Demorou, mas finalmente o Windows Phone 7.5 (outrora apelidado de “Mango”) chegou de maneira oficial ao Brasil. Hoje (20/10/2011), em São Paulo – SP, foi anunciado o smartphone HTC Ultimate, o primeiro do país a contar com esta plataforma. Se é o primeiro de muitos, ninguém sabe, mas não há dúvidas de que se trata de um aparelho capaz de brigar firme com o iPhone e smartphones Android mais recentes.

HTC Ultimate (divulgação)

HTC Ultimate (divulgação)

A primeira coisa que chama a atenção no HTC Ultimate é a sua gigantesca tela: 4,7 polegadas com resolução de 480×800 pixels. Pode não parecer muito, mas o Windows Phone 7.5 funciona perfeitamente bem nela. O componente não conta com Gorilla Glass, tecnologia que deixa a tela mais resistente, no entanto, de acordo com a HTC, tem proteção para diminuir as chances de danos.

Os demais itens do hardware não decepcionam:

  • Processador Qualcomm Snapdragon de 1,5 GHz (no Brasil, o padrão atual é 1 GHz);
  • 512 MB de memória RAM;
  • 16 GB para armazenamento interno de dados (expansível com cartões microSD);
  • Câmera traseira com 8 megapixels, LED duplo e sensor BSI para melhor captura em ambientes pouco iluminados;
  • Câmera frontal de 1,3 megapixels;
  • Bateria de 1.600 mAh.

A conectividade está dentro do esperado: Wi-Fi 802.11n, Bluetooth 2.1, 3G, A-GPS e micro-USB. Não há, no entanto, a cada vez mais famosa tecnologia NFC (Near field communication), que permite ao usuário compartilhar dados com outro aparelho simplesmente aproximando ambos os dispositivos.

Visualmente, o aparelho é bonito e bem acabado. Mas o que chama mesmo a atenção é o fato de ser bastante fino: sua espessura é de 9,9 milímetros. Olhando-o, tem-se a impressão de que o HTC Ultimate é pesadão, mas não chega a tanto: possui 160 gramas, considerando a bateria.

Mais fotos:

www.flickr.com/photos/ealecrim/sets/72157627940787698

O resto é responsabilidade do Windows Phone 7.5. Trata-se, de fato, de um sistema operacional bonito, fácil de se usar e dotado de recursos muito interessantes. Se é melhor ou pior que o Android ou o iOS são outros quinhentos, mas a integração com a rede Xbox LIVE, o Office 365, as ferramentas de acesso às redes sociais, os aplicativos de áudio e vídeo, entre outros, se destacam bastante.

Um vídeo do HTC Ultimate em ação:

www.youtube.com/watch?v=QsSKlB0476k

Só é uma pena o fato de, pelo menos no momento, não ser possível aproveitar todo o potencial do Windows Phone: as ferramentas do Bing, por exemplo, que estão integradas ao sistema, não funcionam plenamente no Brasil, e não há previsão para que isso melhore (para a felicidade do Google).

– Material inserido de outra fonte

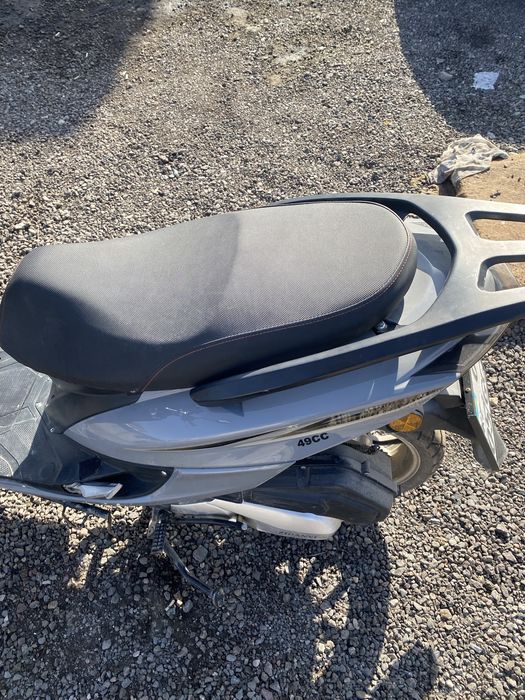 В продаже мопед Макси скутер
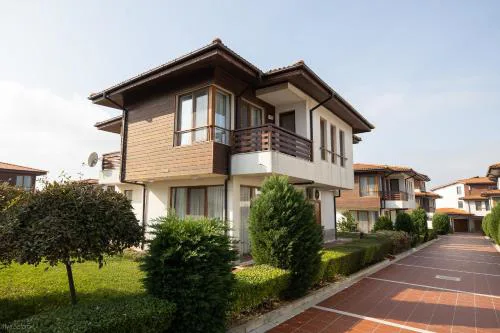 Villas in Complex Trakiyskiy Bryag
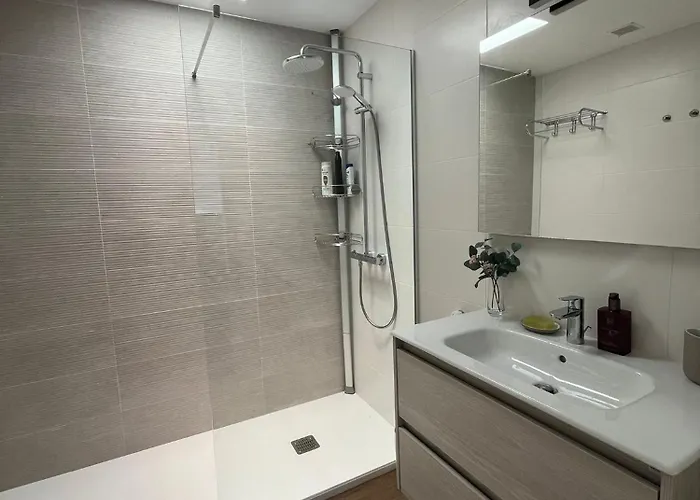 Serena Homes By Livvo فيلة *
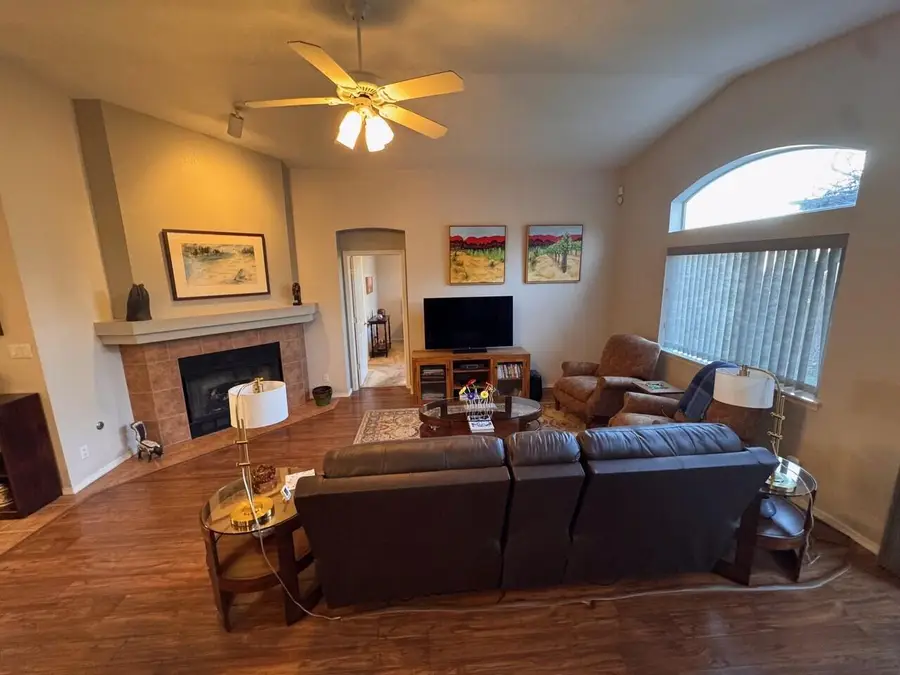 7201 Quail Springs Place Ne, Albuquerque, NM 87113 - Image #2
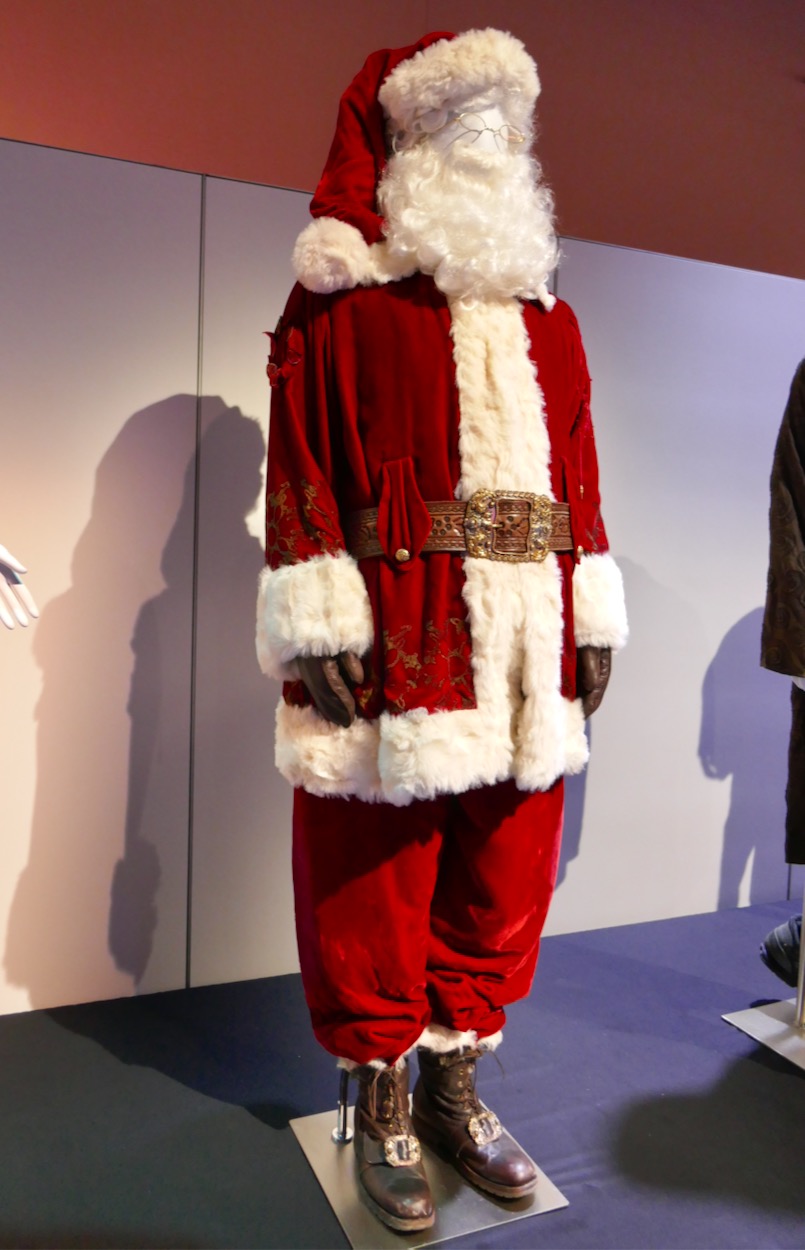 Hollywood Movie Costumes And Props Tim Allen And Martin Short S Costumes From The Santa Clause 3 The Escape Clause On Display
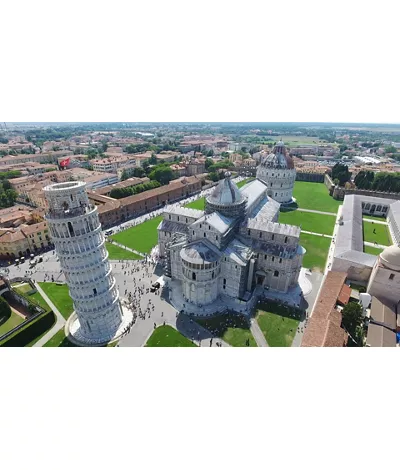 Pisa e piazza dei Miracoli, gioielli di straordinaria bellezza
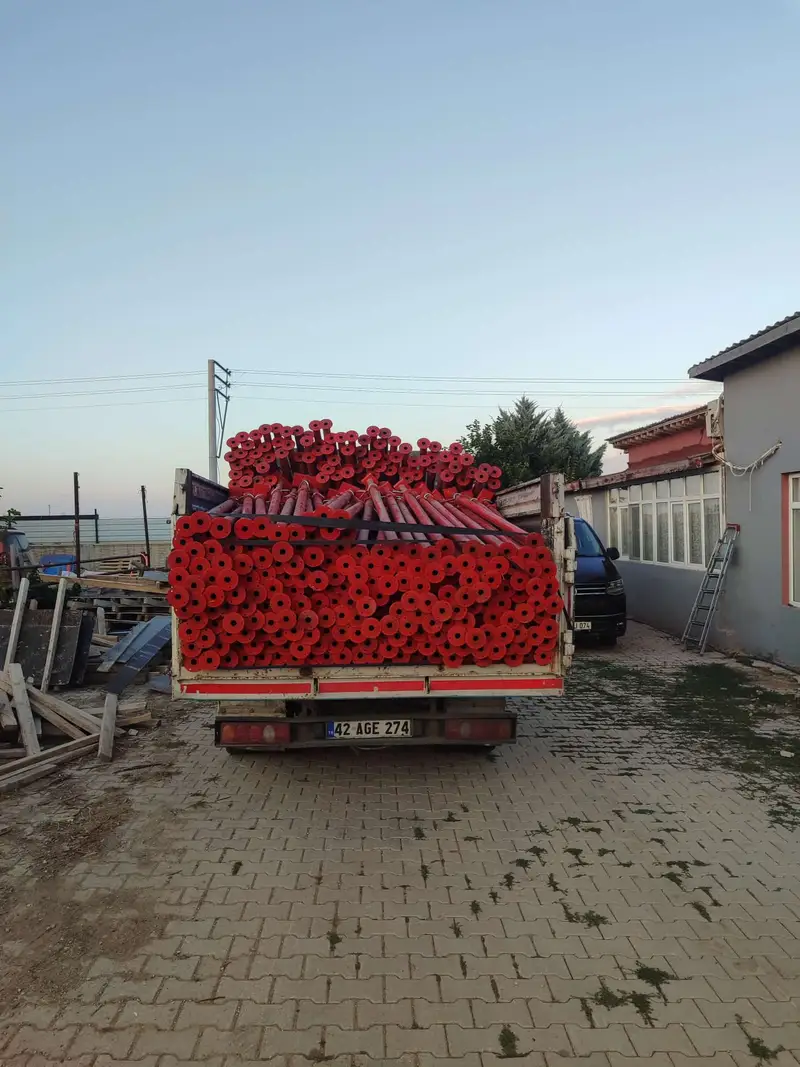 Kırmızı çelik dikmelerle dolu kasa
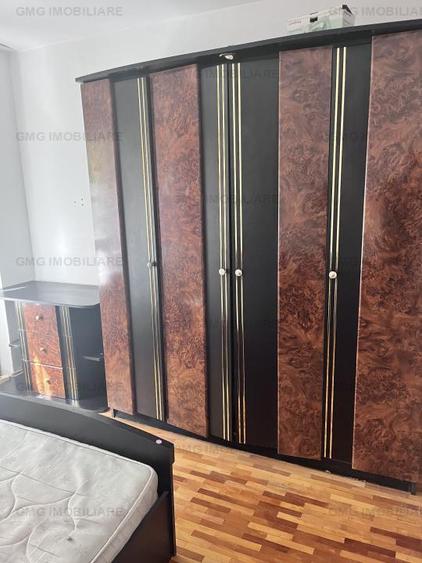 Apartament cu 2 camere decomandat în Tei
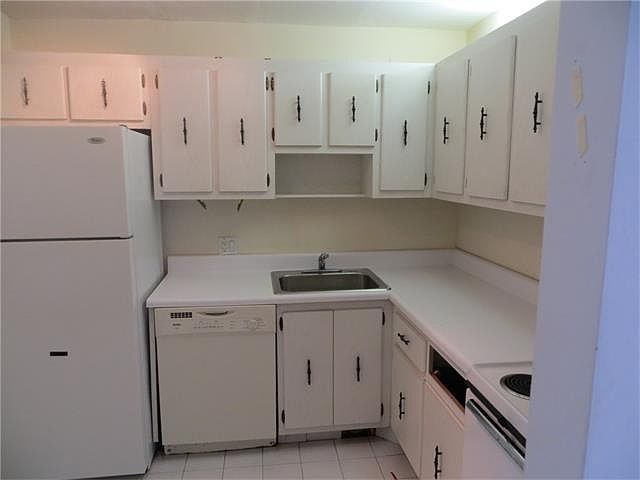 1st image of 20335 N Country Club Dr APT 1207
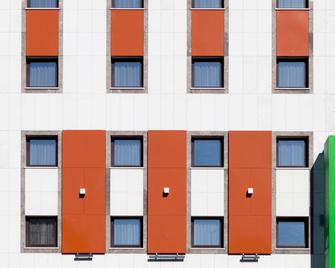 ibis Styles Paris Porte d'Orléans - Montrouge - Building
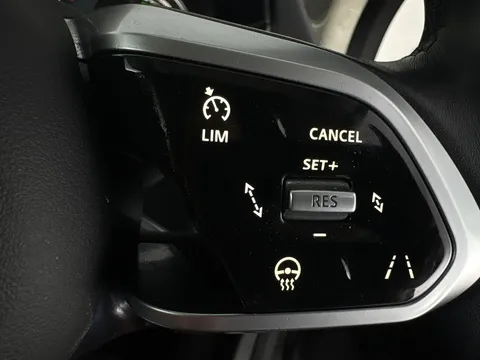 Thumbnail image for the Jaguar I-Pace 400 90kWh HSE   4WD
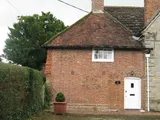 Langley Lane
Ifield
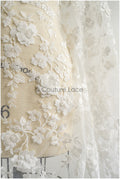 Wunderschöner 3D Blumen Spitzenstoff/ Braut Couture Spitzenstoff Off-White/ 3D Brautspitze mit Perlen/ Brautspitze// L22-471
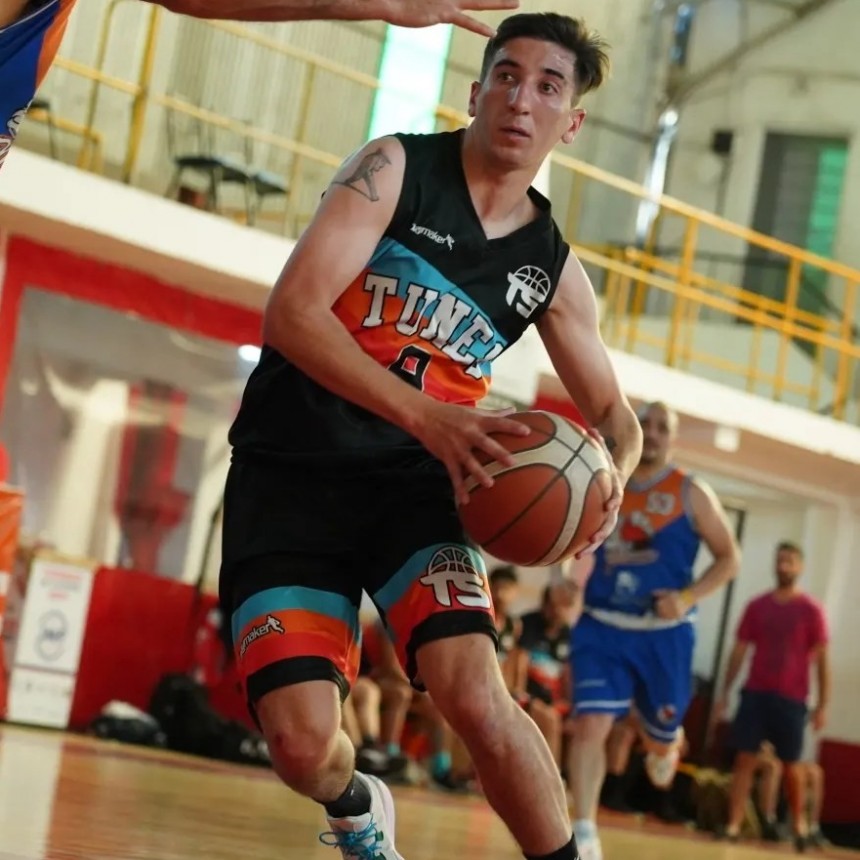 La Pampa: El club Cochico comenz&oacute; la actividad del basquet con el entrenador Nacional Gabriel Sanchez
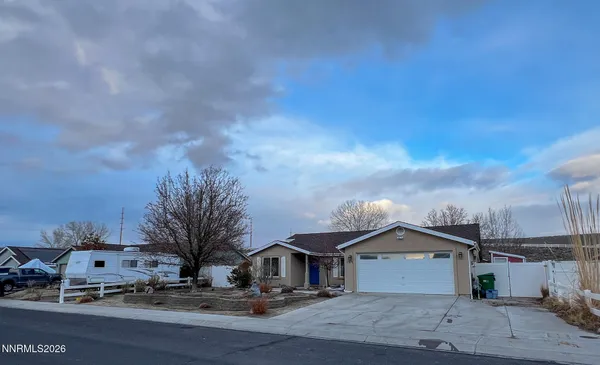 $565,000 | 1371 White Bluffs Circle, Fernley, NV 89408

Agora vem o verdadeiro “balde de água fria”: o preço (pra variar). O HTC Ultimate está sendo lançado, inicialmente, pela Vivo. Seu valor em um plano pré-pago é de 1.799 reais. Em planos pós-pagos custa menos: o pacote mostrado pela operadora faz o aparelho custar 10 parcelas de 114,90 reais mais 111 reais de mensalidade, com franquia de 100 minutos de ligação e míseros 50 MB de internet.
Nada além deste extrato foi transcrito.